» What is required: Print only the lines below from the one with "Trophée doré élégant" to the one with "Renault Kadjar 1, 300/BLACK", both included, exactly as they stand. Leave pictures out.

---------- Data to process

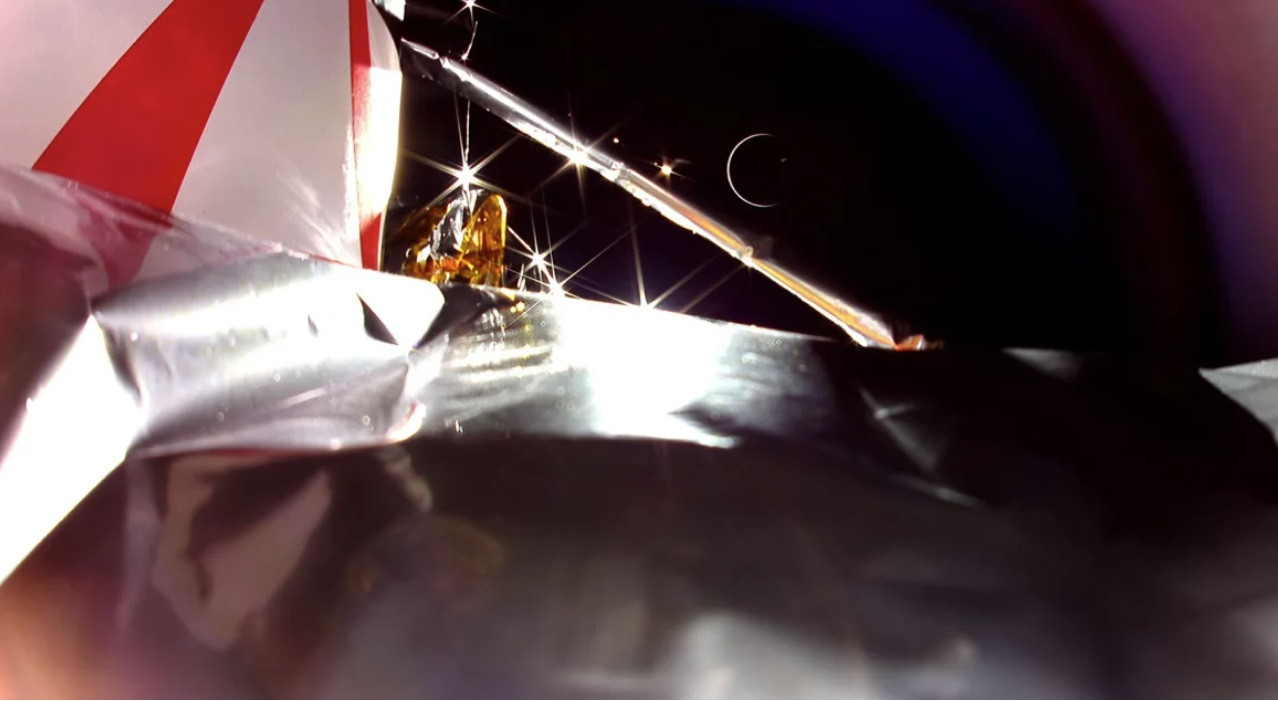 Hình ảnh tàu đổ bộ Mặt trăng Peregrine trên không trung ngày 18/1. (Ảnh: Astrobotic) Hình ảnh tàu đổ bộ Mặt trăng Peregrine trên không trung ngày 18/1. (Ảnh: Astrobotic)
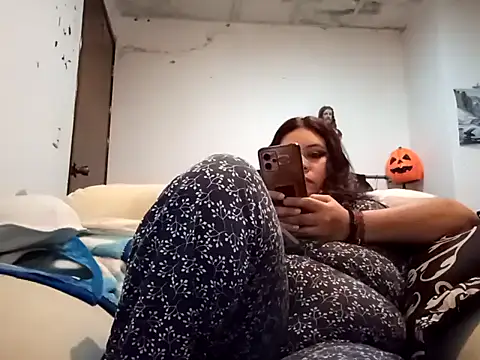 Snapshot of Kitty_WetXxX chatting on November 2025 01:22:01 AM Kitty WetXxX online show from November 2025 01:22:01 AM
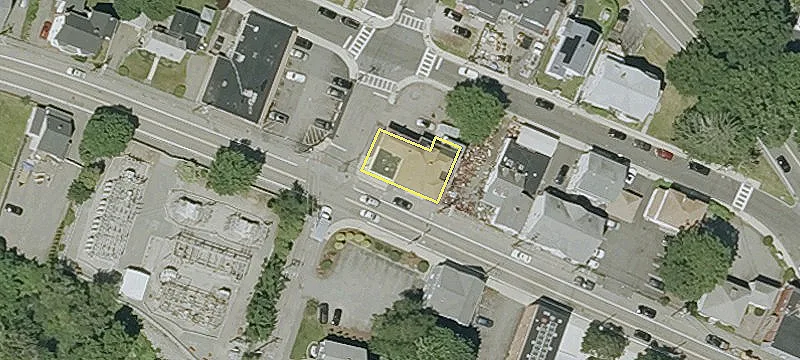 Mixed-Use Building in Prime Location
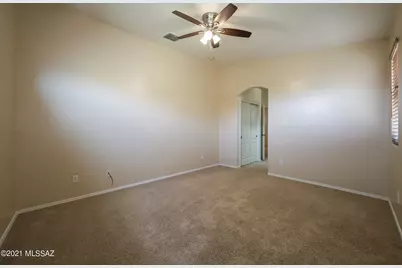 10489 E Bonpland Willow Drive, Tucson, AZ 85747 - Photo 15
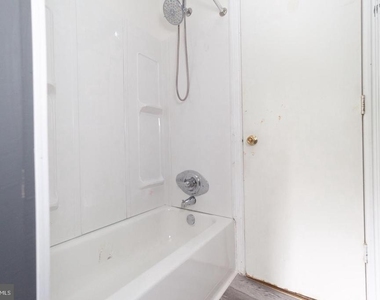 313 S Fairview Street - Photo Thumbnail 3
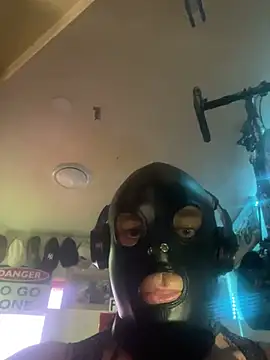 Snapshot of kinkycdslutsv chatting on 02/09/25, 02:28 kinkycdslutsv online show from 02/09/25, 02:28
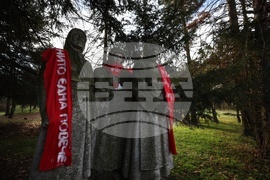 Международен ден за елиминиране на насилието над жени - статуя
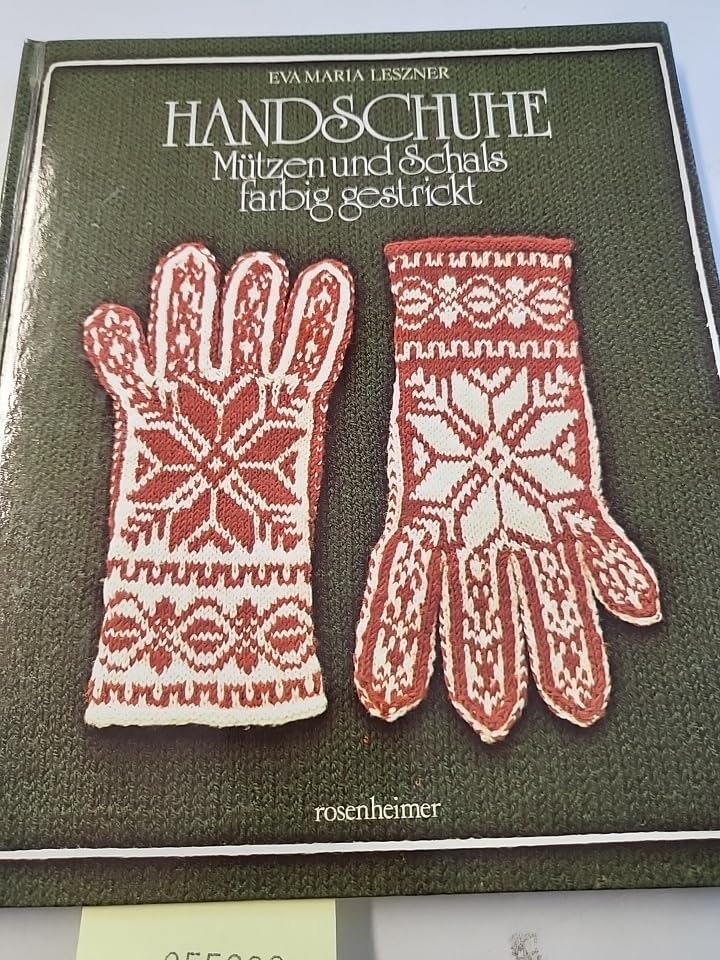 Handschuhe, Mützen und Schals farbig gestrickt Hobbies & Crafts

--------------------
---------- Data to process

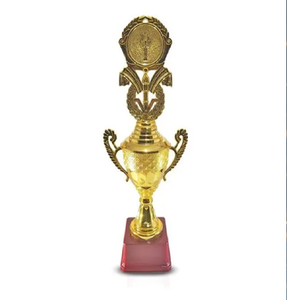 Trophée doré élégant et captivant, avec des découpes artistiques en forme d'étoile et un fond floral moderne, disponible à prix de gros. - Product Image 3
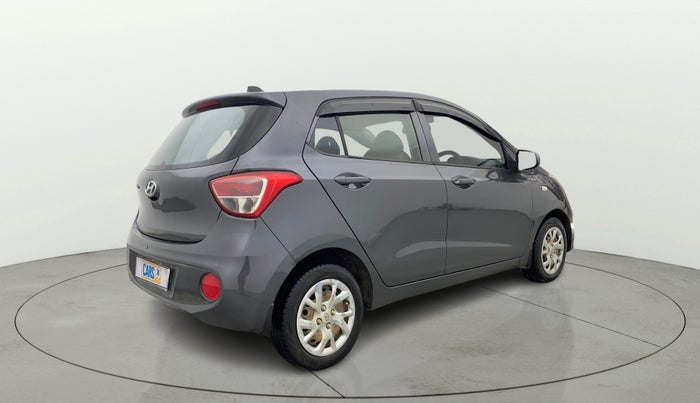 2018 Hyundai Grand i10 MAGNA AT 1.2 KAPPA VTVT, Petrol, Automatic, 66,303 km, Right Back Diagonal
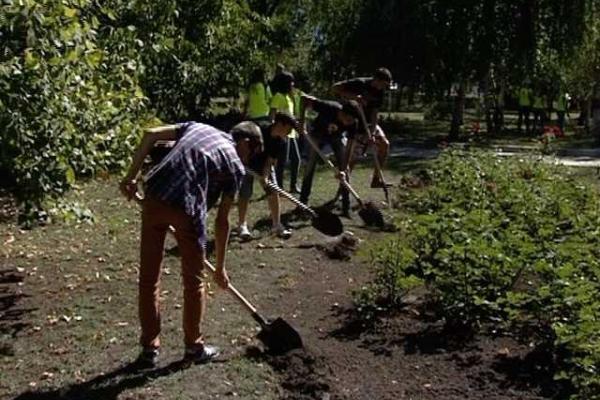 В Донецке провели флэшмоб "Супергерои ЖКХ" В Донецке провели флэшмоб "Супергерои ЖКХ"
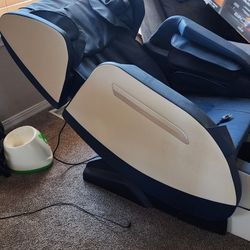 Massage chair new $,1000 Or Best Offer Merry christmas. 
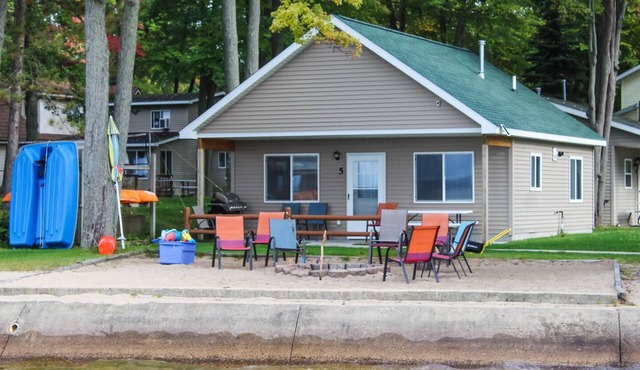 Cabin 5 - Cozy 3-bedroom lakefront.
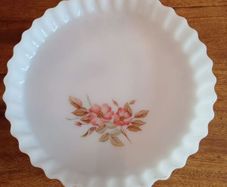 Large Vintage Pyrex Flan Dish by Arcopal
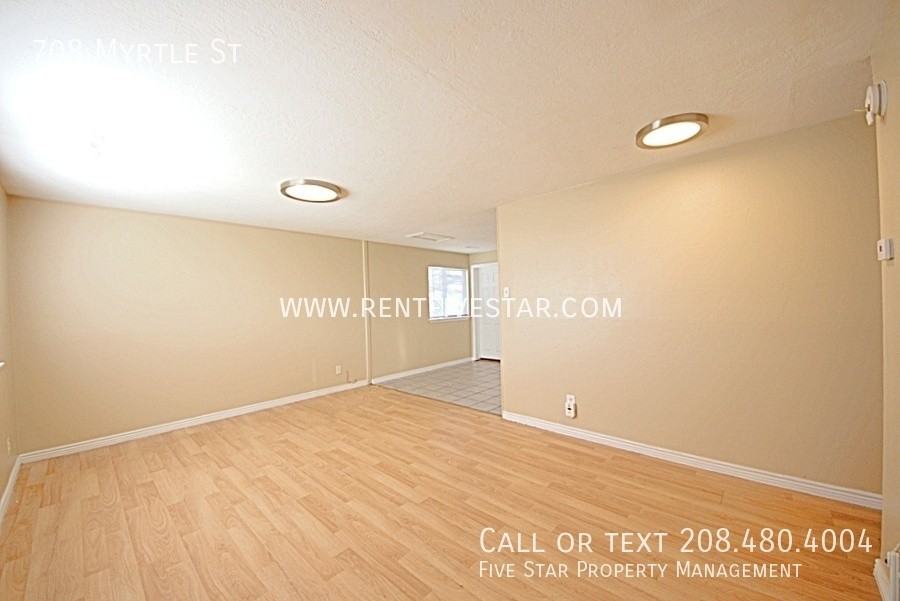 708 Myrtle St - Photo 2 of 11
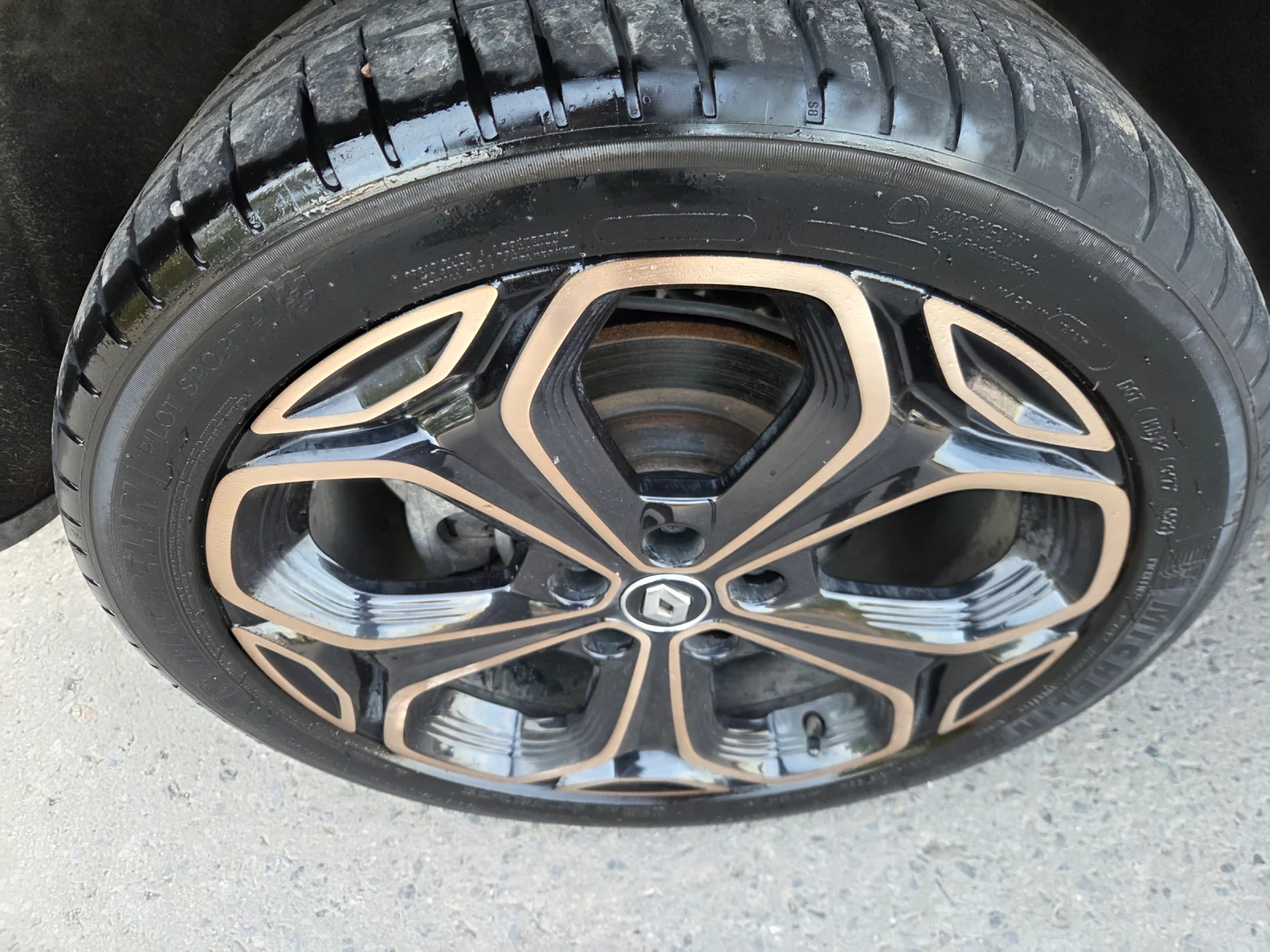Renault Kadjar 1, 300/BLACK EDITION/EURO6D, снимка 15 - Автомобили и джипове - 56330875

--------------------

» Result of the exercise:
 Trophée doré élégant et captivant, avec des découpes artistiques en forme d'étoile et un fond floral moderne, disponible à prix de gros. - Product Image 3
 2018 Hyundai Grand i10 MAGNA AT 1.2 KAPPA VTVT, Petrol, Automatic, 66,303 km, Right Back Diagonal
 В Донецке провели флэшмоб "Супергерои ЖКХ" В Донецке провели флэшмоб "Супергерои ЖКХ"
 Massage chair new $,1000 Or Best Offer Merry christmas. 
 Cabin 5 - Cozy 3-bedroom lakefront.
 Large Vintage Pyrex Flan Dish by Arcopal
 708 Myrtle St - Photo 2 of 11
Renault Kadjar 1, 300/BLACK EDITION/EURO6D, снимка 15 - Автомобили и джипове - 56330875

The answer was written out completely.